Und nein, es handelt sich um keinen Treppenwitz der Geschichte. Hier kehrt nicht als Farce zurück, was es einst schon gab. Vor den europäischen Antifaschist_innen steht nun die Aufgabe, sich mit einer hochmodernen extremen Rechten auseinanderzusetzen. Eine Rechte, die einerseits einen neoliberalen Kapitalismus predigt und befördert und andererseits einen grundsätzlich antiliberalen, antidemokratischen gesellschaftlichen Kurs fährt: gegen Migrantinnen und Migranten, gegen die Gleichstellung Homosexueller, gegen ein modernes Frauenbild, gegen alles und jede(n), die irgendwie anders sind. Und auf beiden Konfliktlinien sollten sich Antifaschisten den Rechten entgegenstellen. Im Kampf für eine solidarische europäische Gesellschaft, die die Kosten zur Bewältigung der Krise nicht auf die Schwächsten in Griechenland, Spanien, Portugal etc. abwälzt, sondern die Ursachen bekämpft. Und im Kampf für eine Gesellschaft, in der die würdevolle Existenz aller in Gleichberechtigung garantiert ist.

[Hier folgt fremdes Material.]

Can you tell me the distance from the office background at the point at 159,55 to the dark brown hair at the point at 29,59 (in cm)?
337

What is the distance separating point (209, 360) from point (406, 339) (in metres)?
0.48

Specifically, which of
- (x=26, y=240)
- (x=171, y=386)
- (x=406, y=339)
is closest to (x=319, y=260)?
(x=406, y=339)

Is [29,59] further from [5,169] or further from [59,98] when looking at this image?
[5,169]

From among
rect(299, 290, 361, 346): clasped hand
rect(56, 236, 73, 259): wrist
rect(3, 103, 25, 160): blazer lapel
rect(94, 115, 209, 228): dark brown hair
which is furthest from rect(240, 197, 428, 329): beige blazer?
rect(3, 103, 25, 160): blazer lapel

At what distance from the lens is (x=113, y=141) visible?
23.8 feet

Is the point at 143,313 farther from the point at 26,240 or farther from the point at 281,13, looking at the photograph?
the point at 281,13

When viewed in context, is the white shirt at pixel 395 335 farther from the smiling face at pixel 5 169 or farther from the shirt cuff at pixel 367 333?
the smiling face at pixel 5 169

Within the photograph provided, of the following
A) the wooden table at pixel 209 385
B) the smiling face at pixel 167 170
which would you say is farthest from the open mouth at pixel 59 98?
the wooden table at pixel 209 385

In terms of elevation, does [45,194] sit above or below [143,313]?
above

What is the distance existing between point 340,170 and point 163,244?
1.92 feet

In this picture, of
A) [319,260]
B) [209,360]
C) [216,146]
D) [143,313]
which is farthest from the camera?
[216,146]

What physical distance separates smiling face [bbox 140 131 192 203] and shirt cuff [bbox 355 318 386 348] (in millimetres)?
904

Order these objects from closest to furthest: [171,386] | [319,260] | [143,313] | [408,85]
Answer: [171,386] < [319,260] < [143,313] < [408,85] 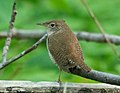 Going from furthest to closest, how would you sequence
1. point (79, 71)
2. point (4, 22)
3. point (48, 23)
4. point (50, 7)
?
point (50, 7) → point (4, 22) → point (48, 23) → point (79, 71)

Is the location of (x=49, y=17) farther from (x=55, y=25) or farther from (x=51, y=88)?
(x=51, y=88)

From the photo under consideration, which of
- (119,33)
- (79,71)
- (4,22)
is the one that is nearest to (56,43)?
(79,71)

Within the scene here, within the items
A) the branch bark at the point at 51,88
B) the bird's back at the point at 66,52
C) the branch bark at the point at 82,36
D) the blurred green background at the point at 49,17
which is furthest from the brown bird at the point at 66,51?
the branch bark at the point at 82,36

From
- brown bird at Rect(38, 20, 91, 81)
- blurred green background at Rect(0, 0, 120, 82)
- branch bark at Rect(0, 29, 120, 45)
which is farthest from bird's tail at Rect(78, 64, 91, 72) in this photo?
branch bark at Rect(0, 29, 120, 45)

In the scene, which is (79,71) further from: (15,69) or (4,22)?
(4,22)

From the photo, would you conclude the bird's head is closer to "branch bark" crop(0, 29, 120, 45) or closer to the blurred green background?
the blurred green background

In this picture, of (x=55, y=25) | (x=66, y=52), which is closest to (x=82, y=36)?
(x=55, y=25)

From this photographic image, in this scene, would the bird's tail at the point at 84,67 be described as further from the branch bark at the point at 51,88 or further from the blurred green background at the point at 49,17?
the blurred green background at the point at 49,17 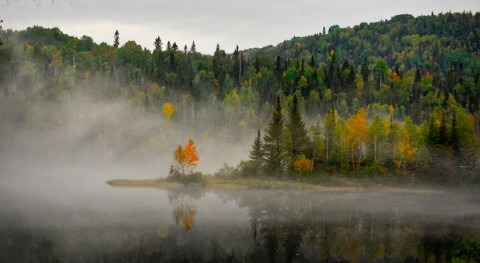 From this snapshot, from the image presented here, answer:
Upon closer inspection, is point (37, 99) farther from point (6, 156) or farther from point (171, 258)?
point (171, 258)

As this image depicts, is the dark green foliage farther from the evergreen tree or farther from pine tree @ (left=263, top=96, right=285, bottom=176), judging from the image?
the evergreen tree

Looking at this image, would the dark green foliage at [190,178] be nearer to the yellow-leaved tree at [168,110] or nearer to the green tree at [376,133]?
the green tree at [376,133]

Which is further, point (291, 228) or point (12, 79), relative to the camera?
point (12, 79)

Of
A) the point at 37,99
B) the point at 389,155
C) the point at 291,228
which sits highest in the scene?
the point at 37,99

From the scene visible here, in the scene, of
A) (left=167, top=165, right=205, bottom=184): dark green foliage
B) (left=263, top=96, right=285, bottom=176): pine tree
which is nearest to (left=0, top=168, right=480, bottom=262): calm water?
(left=167, top=165, right=205, bottom=184): dark green foliage

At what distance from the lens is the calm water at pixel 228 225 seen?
57.2 m

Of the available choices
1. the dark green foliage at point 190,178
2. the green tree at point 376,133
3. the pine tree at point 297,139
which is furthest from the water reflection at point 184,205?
the green tree at point 376,133

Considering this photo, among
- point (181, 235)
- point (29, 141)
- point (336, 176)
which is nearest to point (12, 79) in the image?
point (29, 141)

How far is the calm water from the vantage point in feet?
188

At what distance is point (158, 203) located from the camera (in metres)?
91.9

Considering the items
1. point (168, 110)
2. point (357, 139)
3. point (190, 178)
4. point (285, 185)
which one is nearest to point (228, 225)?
point (285, 185)

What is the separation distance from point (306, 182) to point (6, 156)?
10134 centimetres

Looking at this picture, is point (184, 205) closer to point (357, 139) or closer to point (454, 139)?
point (357, 139)

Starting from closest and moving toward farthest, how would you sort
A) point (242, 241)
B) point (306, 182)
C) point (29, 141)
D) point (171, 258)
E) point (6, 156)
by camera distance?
1. point (171, 258)
2. point (242, 241)
3. point (306, 182)
4. point (6, 156)
5. point (29, 141) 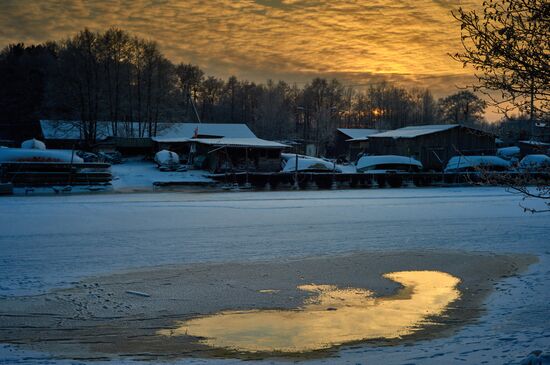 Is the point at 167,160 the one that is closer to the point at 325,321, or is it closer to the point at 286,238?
the point at 286,238

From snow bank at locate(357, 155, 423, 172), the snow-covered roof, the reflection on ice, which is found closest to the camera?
→ the reflection on ice

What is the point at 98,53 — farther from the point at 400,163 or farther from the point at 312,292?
the point at 312,292

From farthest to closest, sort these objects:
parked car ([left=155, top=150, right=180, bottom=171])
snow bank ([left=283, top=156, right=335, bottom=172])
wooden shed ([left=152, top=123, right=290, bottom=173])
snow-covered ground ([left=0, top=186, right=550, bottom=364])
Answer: parked car ([left=155, top=150, right=180, bottom=171])
wooden shed ([left=152, top=123, right=290, bottom=173])
snow bank ([left=283, top=156, right=335, bottom=172])
snow-covered ground ([left=0, top=186, right=550, bottom=364])

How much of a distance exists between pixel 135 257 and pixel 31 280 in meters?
2.93

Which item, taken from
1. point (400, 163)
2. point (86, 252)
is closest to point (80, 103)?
point (400, 163)

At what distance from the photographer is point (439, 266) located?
13312mm

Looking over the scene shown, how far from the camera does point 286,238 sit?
17.0 m


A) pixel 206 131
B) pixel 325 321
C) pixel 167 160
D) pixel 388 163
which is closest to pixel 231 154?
pixel 167 160

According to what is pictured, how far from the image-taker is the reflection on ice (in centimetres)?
798

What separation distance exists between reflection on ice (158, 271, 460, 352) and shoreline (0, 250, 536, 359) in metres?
0.23

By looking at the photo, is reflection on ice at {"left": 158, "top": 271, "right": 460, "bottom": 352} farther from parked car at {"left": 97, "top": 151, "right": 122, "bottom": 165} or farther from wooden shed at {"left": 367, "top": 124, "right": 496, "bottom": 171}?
parked car at {"left": 97, "top": 151, "right": 122, "bottom": 165}

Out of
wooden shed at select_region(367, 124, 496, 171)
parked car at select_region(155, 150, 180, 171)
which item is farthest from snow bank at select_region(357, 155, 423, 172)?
parked car at select_region(155, 150, 180, 171)

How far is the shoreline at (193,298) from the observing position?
770 centimetres

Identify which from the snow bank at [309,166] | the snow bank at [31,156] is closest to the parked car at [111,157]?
the snow bank at [31,156] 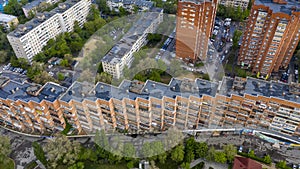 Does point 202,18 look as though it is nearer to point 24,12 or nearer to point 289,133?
point 289,133

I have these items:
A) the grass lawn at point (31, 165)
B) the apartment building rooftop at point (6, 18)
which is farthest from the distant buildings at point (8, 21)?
the grass lawn at point (31, 165)

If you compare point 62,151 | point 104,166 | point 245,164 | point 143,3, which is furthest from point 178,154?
point 143,3

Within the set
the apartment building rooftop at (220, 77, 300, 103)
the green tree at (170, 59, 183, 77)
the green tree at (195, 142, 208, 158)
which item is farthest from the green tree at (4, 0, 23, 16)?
the green tree at (195, 142, 208, 158)

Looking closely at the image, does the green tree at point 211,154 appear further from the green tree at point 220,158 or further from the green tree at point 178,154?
the green tree at point 178,154

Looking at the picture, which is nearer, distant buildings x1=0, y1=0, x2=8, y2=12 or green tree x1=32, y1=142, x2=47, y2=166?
green tree x1=32, y1=142, x2=47, y2=166

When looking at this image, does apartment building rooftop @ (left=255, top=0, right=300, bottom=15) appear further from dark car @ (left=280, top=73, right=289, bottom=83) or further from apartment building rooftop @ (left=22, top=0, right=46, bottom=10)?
apartment building rooftop @ (left=22, top=0, right=46, bottom=10)

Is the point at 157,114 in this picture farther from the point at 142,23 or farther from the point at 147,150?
the point at 142,23

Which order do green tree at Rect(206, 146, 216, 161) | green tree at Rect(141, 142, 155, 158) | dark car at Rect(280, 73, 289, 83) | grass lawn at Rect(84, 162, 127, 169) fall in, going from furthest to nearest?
dark car at Rect(280, 73, 289, 83) < grass lawn at Rect(84, 162, 127, 169) < green tree at Rect(206, 146, 216, 161) < green tree at Rect(141, 142, 155, 158) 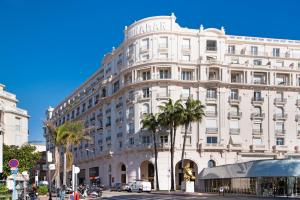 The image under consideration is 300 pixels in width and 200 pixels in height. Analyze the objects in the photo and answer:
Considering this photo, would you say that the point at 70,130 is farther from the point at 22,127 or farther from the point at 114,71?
the point at 114,71

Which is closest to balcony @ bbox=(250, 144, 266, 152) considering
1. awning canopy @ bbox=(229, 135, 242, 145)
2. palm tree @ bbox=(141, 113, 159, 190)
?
awning canopy @ bbox=(229, 135, 242, 145)

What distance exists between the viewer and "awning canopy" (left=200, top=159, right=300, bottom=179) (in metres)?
58.2

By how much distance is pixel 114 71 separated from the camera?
319 ft

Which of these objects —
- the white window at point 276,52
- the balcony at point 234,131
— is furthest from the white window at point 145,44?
the white window at point 276,52

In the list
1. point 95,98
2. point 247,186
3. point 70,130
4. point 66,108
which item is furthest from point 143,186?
point 66,108

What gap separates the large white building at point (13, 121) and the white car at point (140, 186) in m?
17.8

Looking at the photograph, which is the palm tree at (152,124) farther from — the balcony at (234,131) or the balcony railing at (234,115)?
the balcony railing at (234,115)

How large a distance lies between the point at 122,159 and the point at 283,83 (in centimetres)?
3017

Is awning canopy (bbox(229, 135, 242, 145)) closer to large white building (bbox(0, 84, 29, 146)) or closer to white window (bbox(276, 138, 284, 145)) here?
white window (bbox(276, 138, 284, 145))

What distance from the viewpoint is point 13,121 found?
77.2 meters

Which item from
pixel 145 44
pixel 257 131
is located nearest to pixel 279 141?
pixel 257 131

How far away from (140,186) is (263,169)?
18714mm

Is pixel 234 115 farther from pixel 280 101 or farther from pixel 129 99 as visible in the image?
pixel 129 99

Abschließend ein Blick nach Deutschland: Mit dem NPD-Abgeordneten Udo Voigt ist erstmals ein wegen Volksverhetzung vorbestrafter deutscher Rechtsextremist in das Europäische Parlament eingezogen. Eine Schande! Mehr bleibt da nicht zu sagen. Und mit der AfD, die insgesamt sieben Abgeordnete in das EP entsendet und sich dort mit den britischen Tories zusammen geschlossen hat, hat die deutsche Euro- und Europafeindlichkeit eine neue Stimme gefunden.

Der Druck, den die AfD entfalten könnte, wirkt unmittelbar auf ihre politischen Konkurrenten. Einer der schrecklichsten Momente der Wahlkampagne der zurückliegenden Monate war die Aussage des Spitzenkandidaten der SPD, Martin Schulz, er sei ein – so wörtlich – »deutscher Patriot«. Na ja, wenn’s hilft…

Die Wahlen vom 25. Mai 2014 lehren: Solange die Ursachen der sozialen Zerklüftung Europas nicht behoben werden, solange wird die europäische Demokratie akut gefährdet sein durch erstarkende Rechtsaußenparteien. Es gilt der alte Brecht: Der Schoß ist fruchtbar noch, aus dem das kroch.